For the serviceability limit state design according to Section 6.6 of Eurocode EN 1997-1, settlement has to be calculated for spread foundations. RF-/FOUNDATION Pro allows you to perform the settlement calculation for a single foundation. For this, you can select between elastic or solid foundation. By defining a soil profile, it is possible to consider several soil layers under the foundation base. The results of the settlement, foundation tilting, and vertical soil contact stress distribution are displayed graphically and in tables to provide a quick and clear overview of the calculation performed. In addition to the design of the foundation settlement in RF-/FOUNDATION Pro, the structural analysis determines the representative spring constants for the support and can be exported to the structural model of RFEM or RSTAB.

General

The total settlement s tot on soil caused by structural loads consists of the components of the immediate settlement s0, consolidation settlement s1, and the time-dependent creep settlement s2.

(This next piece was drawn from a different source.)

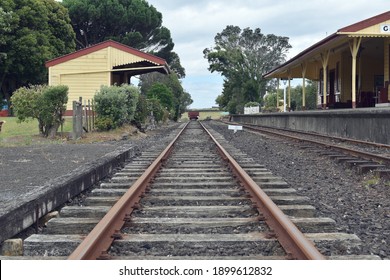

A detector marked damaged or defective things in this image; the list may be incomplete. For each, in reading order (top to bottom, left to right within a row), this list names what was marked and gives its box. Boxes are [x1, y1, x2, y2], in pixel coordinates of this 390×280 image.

rusty rail [68, 122, 189, 260]
rusty rail [200, 122, 324, 260]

stot = s0 + s1 + s2 = s + s2

According to DIN 4019 [2], the method described below includes a specific setting "s" consisting of both settlement components - the settlement caused by consolidation and the settlement caused by creep (secondary settlement). Figure 1 shows the time-dependent settlement components graphically. In this case, the time t0 represents the period until complete consolidation occurs.

Figure 01 - Time-Dependent Settlement Components [2]

Settlement Calculation Using Vertical Stresses on Soil

The settlement calculation method described below is based on the model of an elastic, isotropic, homogeneous half-space. This calculation approach can also be applied for the settlement of foundation soil with several layers.

To determine the settlement, it is necessary to divide the soil into strips and define the vertical soil stresses beneath the foundation base. Based on the elasticity analysis, the specific settlements si are determined for each strip, and these are then added together to obtain the total settlement s.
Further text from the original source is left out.